Task brief:
In the records below, find the line holding "Royal Albert Old" and the line holding "Mean Temperature (F)". Set down both, with every line between them, exactly.

Source material:
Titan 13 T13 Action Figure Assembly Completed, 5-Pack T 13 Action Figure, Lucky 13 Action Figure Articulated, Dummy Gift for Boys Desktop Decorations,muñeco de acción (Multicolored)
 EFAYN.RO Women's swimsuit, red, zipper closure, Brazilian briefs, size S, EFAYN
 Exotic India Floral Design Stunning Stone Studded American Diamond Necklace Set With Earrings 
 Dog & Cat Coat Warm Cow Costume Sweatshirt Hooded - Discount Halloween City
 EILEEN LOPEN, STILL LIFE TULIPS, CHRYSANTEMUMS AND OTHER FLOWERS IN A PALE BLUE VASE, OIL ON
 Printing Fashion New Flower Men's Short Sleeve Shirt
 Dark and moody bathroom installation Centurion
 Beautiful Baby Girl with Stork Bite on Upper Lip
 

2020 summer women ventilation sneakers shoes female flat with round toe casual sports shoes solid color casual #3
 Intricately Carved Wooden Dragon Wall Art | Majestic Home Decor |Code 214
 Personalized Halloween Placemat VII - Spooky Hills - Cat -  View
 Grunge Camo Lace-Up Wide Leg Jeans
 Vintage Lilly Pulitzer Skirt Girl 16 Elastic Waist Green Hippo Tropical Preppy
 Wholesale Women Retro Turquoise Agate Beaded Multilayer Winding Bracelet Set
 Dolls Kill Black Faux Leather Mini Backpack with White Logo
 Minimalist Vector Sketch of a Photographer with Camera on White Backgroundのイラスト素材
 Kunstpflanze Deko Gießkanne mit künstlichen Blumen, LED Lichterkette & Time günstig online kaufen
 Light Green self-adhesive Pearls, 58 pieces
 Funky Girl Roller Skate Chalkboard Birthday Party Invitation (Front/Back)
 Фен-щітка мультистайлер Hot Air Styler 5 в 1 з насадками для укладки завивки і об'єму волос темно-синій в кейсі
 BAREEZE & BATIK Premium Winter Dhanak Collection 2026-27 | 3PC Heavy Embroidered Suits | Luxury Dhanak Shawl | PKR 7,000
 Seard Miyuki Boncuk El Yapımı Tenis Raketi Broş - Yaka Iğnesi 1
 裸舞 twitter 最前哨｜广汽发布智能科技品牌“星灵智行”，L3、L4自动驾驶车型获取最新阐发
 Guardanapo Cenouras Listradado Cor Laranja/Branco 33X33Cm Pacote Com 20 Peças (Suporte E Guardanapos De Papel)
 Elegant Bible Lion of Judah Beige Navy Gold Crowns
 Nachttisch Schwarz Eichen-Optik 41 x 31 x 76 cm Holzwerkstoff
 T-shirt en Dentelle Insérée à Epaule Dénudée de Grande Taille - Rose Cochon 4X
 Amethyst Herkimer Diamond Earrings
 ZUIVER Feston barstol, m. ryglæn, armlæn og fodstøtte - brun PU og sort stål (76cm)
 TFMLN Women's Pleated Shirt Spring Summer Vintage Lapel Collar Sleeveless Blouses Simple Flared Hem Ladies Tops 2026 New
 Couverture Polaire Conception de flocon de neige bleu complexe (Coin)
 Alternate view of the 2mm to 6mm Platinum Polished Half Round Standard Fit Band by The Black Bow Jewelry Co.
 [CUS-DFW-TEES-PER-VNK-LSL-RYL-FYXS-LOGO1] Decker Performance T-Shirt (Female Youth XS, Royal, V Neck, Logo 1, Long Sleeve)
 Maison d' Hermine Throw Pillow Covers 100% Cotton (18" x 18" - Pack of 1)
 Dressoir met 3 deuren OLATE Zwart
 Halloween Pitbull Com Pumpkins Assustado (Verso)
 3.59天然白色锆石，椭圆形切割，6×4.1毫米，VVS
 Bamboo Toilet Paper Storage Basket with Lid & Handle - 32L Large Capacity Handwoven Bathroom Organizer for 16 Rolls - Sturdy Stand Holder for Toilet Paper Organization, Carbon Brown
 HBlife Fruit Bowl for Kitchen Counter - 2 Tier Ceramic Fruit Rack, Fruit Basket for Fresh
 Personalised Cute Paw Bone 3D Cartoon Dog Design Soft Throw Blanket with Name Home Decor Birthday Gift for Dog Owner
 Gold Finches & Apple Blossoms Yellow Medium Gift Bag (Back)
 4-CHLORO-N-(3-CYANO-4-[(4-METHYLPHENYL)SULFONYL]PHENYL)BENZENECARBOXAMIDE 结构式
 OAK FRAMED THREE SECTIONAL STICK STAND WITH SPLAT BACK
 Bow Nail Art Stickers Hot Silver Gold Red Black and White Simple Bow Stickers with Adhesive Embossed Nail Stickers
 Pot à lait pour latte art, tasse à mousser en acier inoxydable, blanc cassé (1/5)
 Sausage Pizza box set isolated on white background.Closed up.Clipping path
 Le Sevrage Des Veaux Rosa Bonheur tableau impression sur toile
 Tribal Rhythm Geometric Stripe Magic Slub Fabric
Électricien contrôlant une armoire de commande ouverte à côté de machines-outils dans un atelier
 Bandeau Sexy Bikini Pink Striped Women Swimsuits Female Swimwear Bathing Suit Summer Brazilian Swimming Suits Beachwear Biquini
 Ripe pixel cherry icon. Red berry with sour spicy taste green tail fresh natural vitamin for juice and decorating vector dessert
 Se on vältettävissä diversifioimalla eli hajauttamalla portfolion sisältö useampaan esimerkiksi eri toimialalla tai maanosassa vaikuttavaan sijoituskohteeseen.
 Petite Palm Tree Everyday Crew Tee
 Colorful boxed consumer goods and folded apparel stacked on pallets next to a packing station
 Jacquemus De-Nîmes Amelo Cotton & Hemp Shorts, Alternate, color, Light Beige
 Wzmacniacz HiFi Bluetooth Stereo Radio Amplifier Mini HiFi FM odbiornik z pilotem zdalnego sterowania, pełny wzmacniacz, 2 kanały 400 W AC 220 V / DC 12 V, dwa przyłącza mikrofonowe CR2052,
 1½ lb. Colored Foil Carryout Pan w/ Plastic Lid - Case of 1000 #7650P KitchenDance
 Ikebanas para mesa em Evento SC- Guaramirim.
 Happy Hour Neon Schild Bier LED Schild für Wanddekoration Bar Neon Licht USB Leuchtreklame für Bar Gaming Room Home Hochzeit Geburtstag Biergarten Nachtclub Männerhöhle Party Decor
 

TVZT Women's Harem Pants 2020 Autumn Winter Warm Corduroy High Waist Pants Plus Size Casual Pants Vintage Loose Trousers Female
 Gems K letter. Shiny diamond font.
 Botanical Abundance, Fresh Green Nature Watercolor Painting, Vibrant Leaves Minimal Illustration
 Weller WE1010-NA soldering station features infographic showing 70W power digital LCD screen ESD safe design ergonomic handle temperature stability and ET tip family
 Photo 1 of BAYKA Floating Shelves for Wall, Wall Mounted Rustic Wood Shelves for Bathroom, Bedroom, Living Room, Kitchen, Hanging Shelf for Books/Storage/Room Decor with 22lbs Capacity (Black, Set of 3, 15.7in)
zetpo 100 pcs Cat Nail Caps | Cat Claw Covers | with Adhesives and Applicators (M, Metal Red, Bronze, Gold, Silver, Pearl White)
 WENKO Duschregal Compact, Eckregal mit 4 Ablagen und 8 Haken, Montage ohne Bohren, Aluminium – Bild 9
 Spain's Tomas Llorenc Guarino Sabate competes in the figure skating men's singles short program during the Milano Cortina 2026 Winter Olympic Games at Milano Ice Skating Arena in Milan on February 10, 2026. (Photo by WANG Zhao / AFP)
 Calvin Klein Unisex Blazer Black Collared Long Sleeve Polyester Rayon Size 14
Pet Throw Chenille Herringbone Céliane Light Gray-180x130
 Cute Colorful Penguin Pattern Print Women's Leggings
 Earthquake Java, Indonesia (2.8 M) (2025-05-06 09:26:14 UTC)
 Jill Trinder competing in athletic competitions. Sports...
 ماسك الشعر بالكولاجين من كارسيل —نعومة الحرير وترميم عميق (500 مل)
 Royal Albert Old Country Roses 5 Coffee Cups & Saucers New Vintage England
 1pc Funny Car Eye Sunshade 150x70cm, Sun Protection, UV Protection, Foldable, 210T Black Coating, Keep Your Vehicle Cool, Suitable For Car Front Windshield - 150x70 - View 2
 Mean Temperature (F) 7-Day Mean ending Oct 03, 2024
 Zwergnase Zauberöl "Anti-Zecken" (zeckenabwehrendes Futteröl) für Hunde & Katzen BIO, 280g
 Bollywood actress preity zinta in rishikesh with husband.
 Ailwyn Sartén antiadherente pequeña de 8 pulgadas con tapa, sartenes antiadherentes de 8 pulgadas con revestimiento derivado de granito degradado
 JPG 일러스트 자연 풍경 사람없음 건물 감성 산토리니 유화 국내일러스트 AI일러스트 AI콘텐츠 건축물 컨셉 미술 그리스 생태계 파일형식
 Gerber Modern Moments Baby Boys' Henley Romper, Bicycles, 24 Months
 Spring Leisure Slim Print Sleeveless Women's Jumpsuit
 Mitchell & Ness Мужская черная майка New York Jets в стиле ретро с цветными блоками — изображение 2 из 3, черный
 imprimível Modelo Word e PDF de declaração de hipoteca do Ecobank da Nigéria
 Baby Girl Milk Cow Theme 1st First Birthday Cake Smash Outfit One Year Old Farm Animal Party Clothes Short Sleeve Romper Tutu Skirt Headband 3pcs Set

Task answer:
 Royal Albert Old Country Roses 5 Coffee Cups & Saucers New Vintage England
 1pc Funny Car Eye Sunshade 150x70cm, Sun Protection, UV Protection, Foldable, 210T Black Coating, Keep Your Vehicle Cool, Suitable For Car Front Windshield - 150x70 - View 2
 Mean Temperature (F) 7-Day Mean ending Oct 03, 2024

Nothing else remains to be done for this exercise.